====== Records for the exercise ======

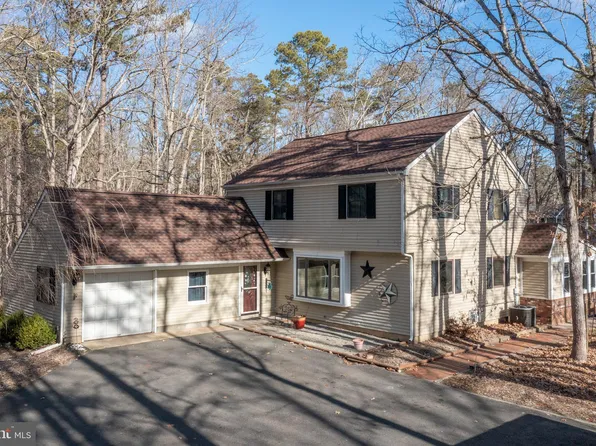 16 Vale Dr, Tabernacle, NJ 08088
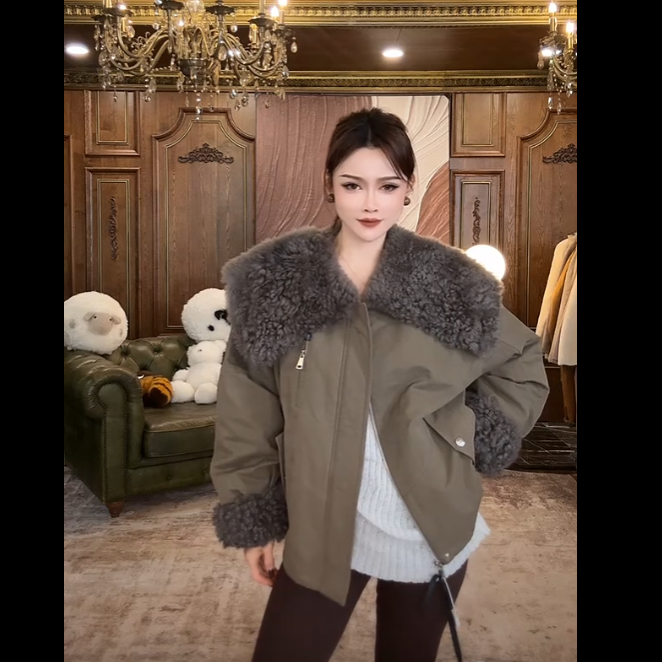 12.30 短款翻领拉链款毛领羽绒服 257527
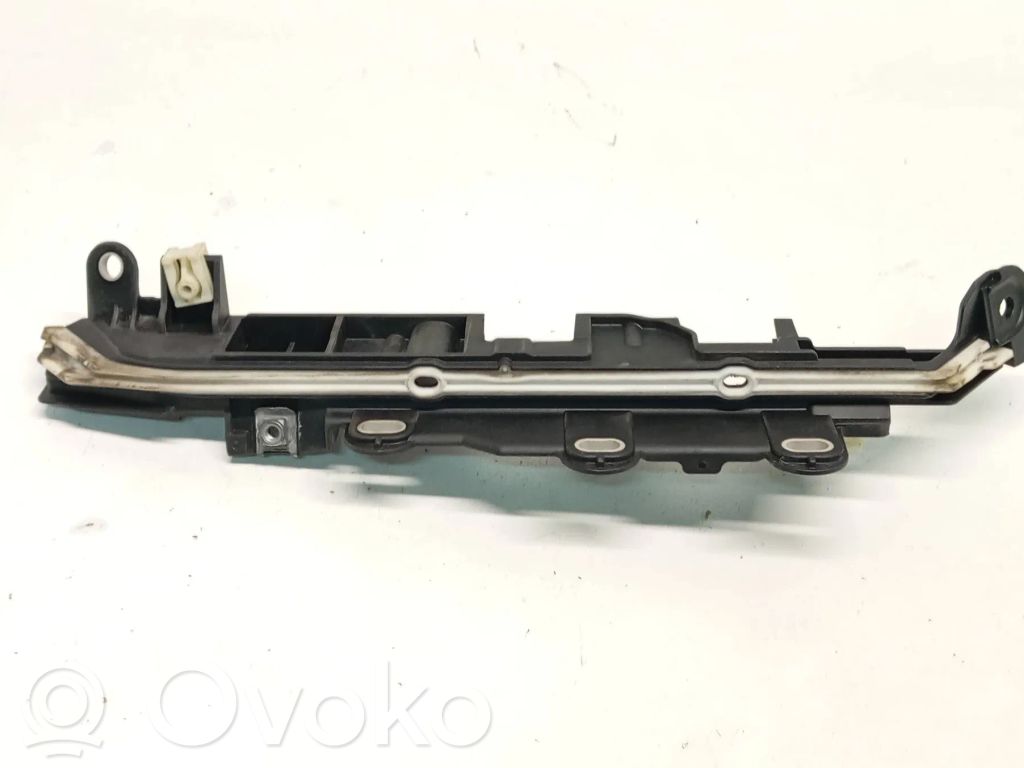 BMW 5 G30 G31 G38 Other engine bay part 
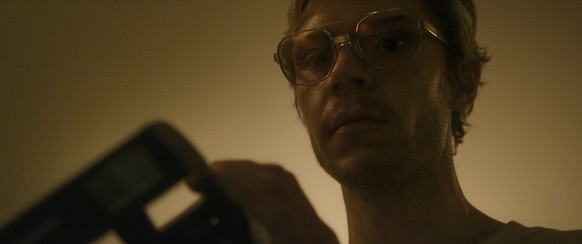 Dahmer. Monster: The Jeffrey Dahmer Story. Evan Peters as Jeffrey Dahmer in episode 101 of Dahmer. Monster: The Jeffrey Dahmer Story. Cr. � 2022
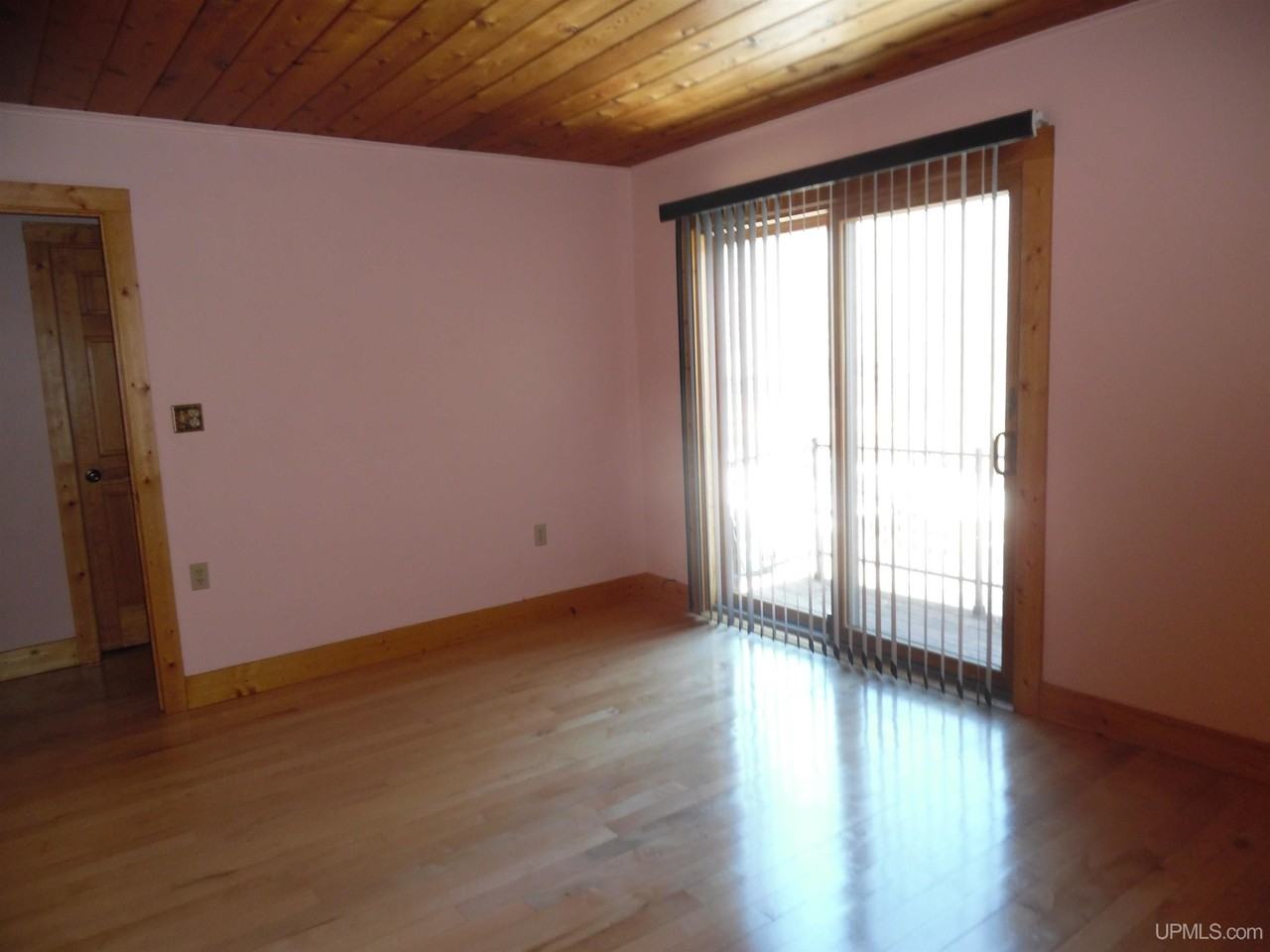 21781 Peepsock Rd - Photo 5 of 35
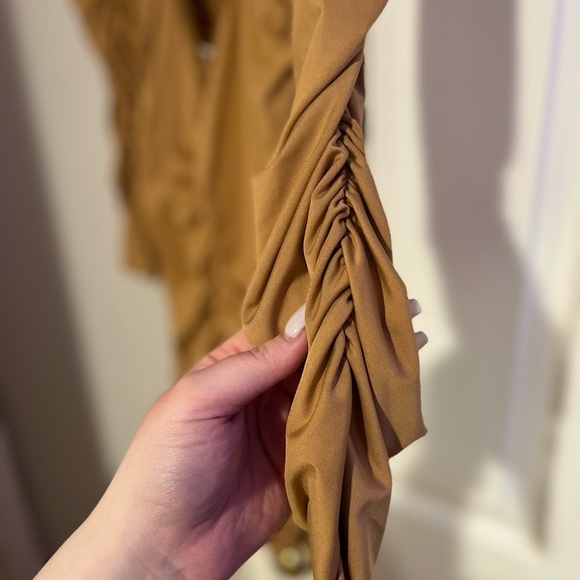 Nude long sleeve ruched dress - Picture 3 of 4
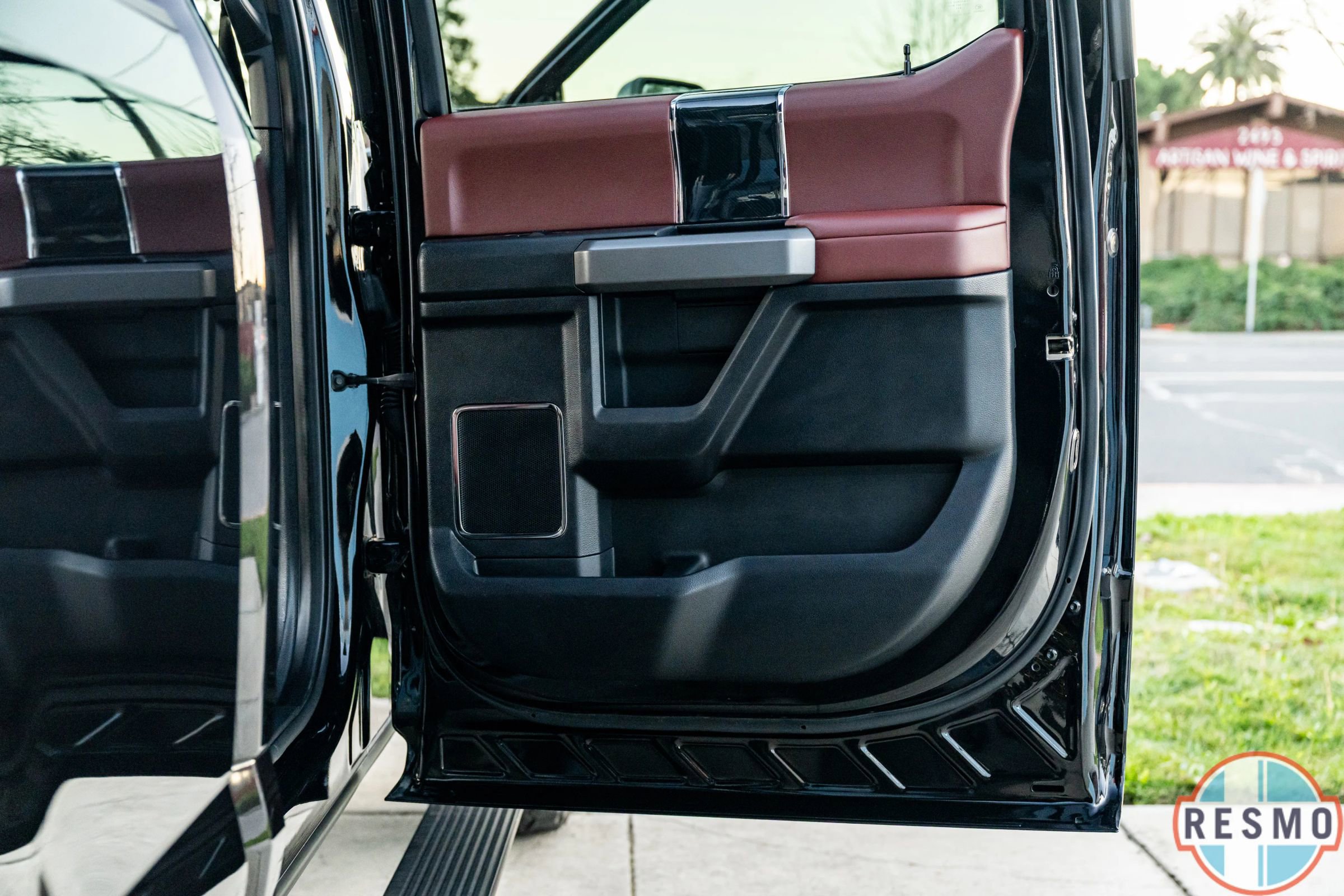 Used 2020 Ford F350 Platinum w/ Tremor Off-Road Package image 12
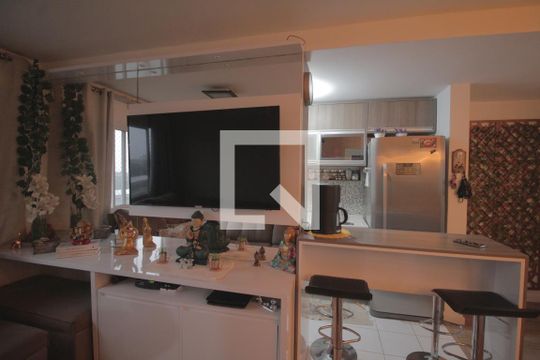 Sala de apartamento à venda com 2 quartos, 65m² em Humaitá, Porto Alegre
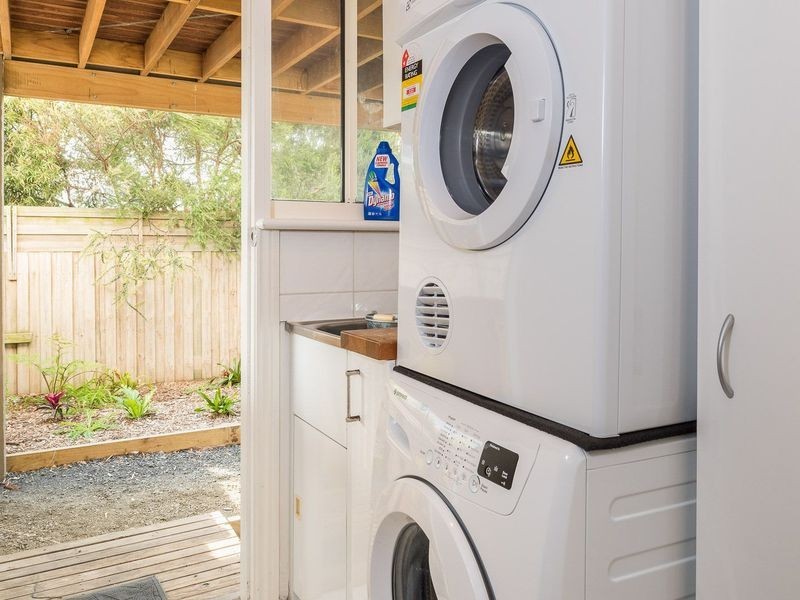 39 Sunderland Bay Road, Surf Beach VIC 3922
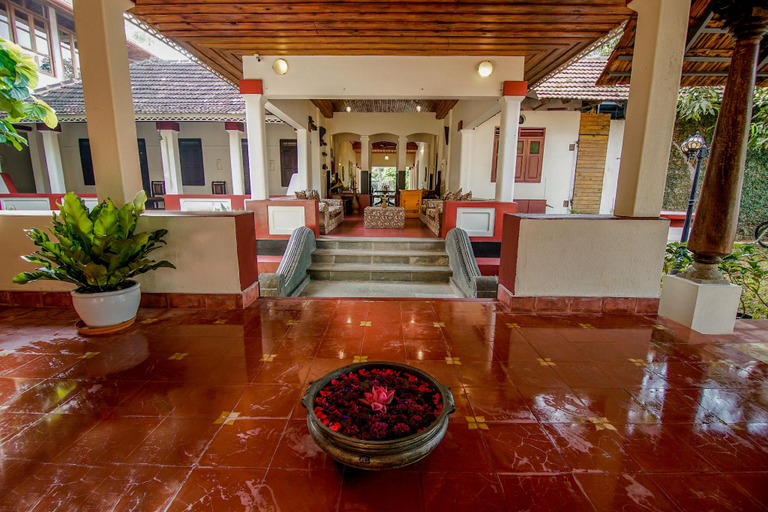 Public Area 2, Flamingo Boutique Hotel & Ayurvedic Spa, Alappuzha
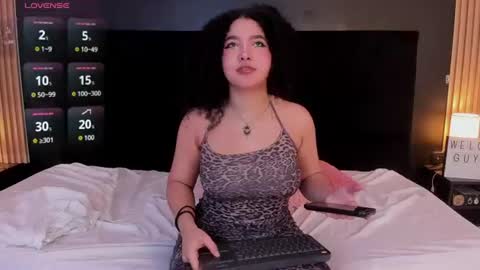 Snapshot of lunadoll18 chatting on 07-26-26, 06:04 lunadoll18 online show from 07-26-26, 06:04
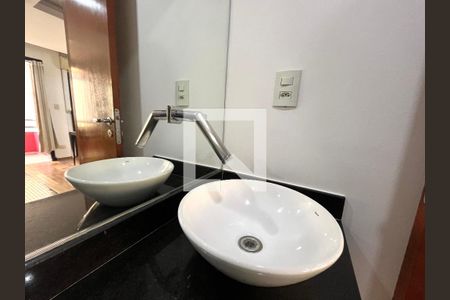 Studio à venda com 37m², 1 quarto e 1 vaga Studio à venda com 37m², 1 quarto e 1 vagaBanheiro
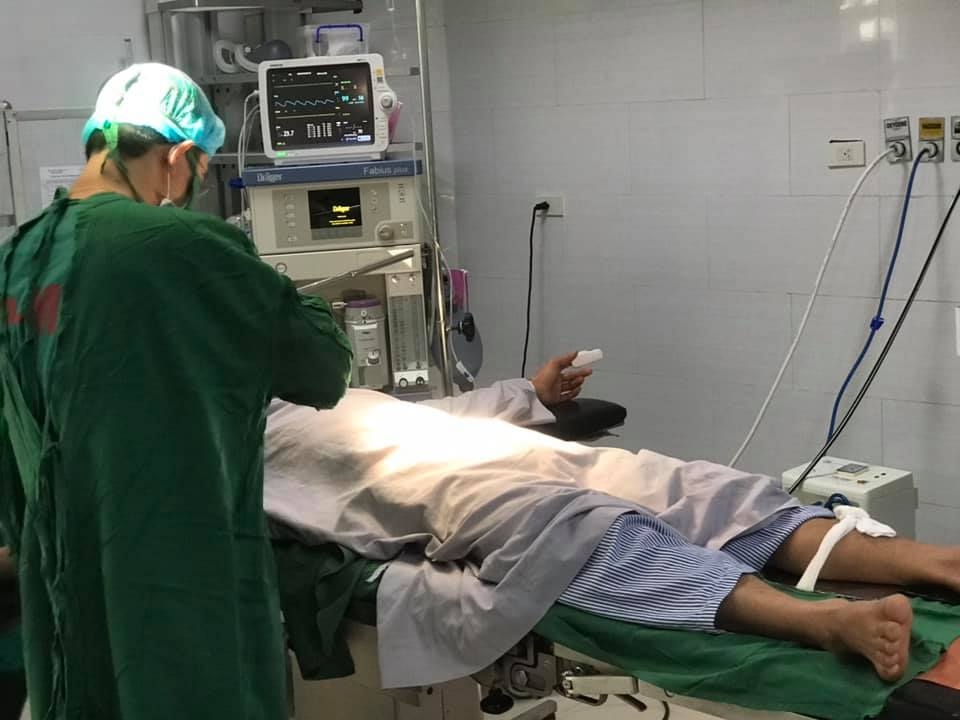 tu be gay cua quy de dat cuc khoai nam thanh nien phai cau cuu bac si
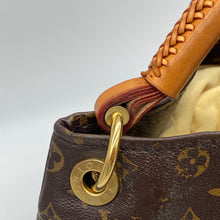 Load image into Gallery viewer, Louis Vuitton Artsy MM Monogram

======

Pictures are not part of the answer. Restate word for word the lines from the one with "39 Sunderland Bay Road, Surf Beach VIC 3922" through the last line of the records.

 39 Sunderland Bay Road, Surf Beach VIC 3922
 Public Area 2, Flamingo Boutique Hotel & Ayurvedic Spa, Alappuzha
 Snapshot of lunadoll18 chatting on 07-26-26, 06:04 lunadoll18 online show from 07-26-26, 06:04
 Studio à venda com 37m², 1 quarto e 1 vaga Studio à venda com 37m², 1 quarto e 1 vagaBanheiro
 tu be gay cua quy de dat cuc khoai nam thanh nien phai cau cuu bac si
 Load image into Gallery viewer, Louis Vuitton Artsy MM Monogram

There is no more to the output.